'''

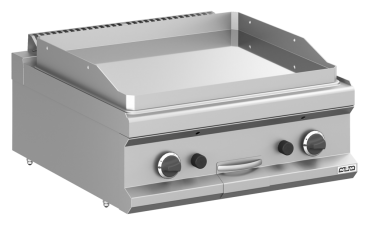 MBM Gasgrillplatte MFTG77TLC - Tischgerät - glatte Grillfläche - verchromt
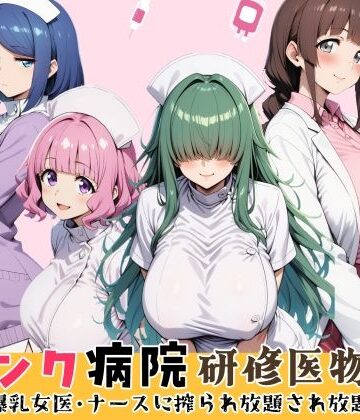 ピンク病院研修医物語〜爆乳女医とナースに搾られ放題され放題〜【はれあがり堂❤看護婦・ナース】レビュー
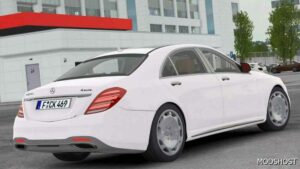 ATS Mercedes-Benz Car Mod: W222 S-Class S-400D V4.7 – 1.49 (Image #3)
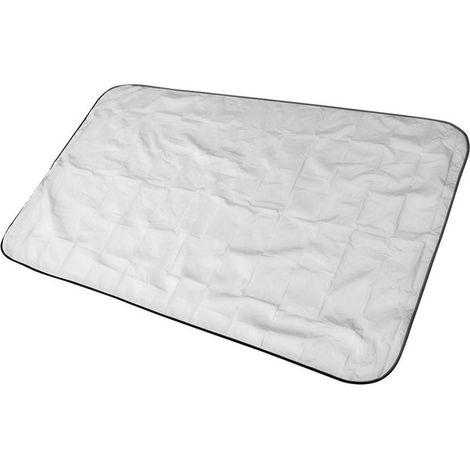 BACHE ANTIGIVRE MAGNETIQUE 160X95CM POUR PARE-BRISE (1/5)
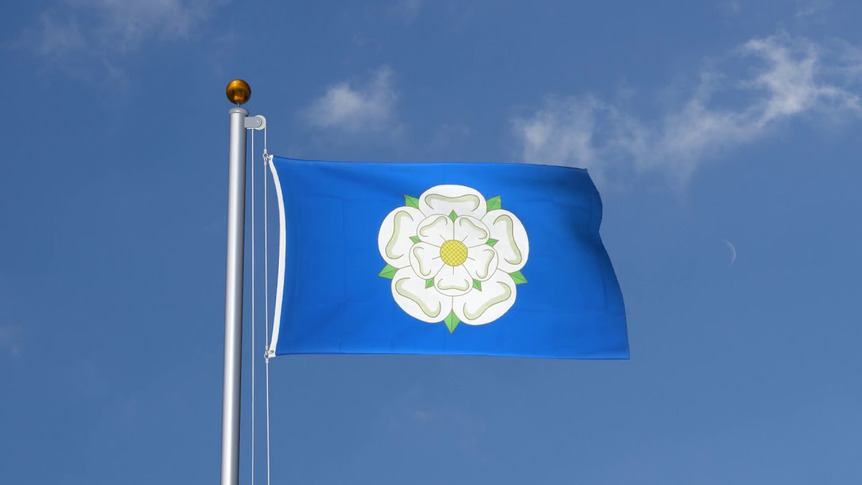 Yorkshire new - 3x5 ft Flag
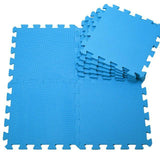 Foam Interlocking Puzzle Play Mat Tiles. Fall Safety Play Mats - Pepmybaby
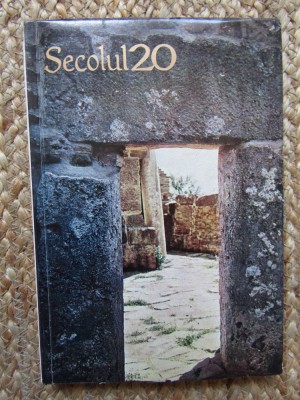 Revista de literatura - Secolul 20 - 8/1966 foto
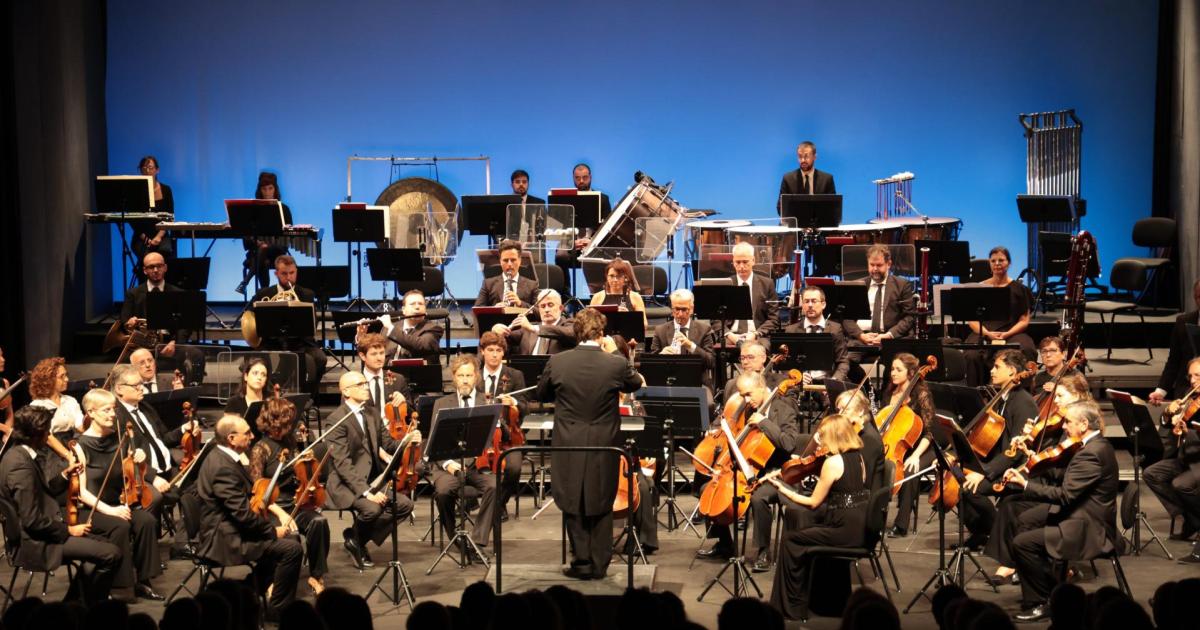 Concierto de la Simfònica en el Auditori de Manacor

'''

[DIRECTIONS]
Look above for the line with "ピンク病院研修医物語〜爆乳女" and the line with "Foam Interlocking Puzzle"; set down those two lines and all lines between them exactly, without pictures and without anything else.

[ANSWER]
 ピンク病院研修医物語〜爆乳女医とナースに搾られ放題され放題〜【はれあがり堂❤看護婦・ナース】レビュー
 ATS Mercedes-Benz Car Mod: W222 S-Class S-400D V4.7 – 1.49 (Image #3)
 BACHE ANTIGIVRE MAGNETIQUE 160X95CM POUR PARE-BRISE (1/5)
 Yorkshire new - 3x5 ft Flag
 Foam Interlocking Puzzle Play Mat Tiles. Fall Safety Play Mats - Pepmybaby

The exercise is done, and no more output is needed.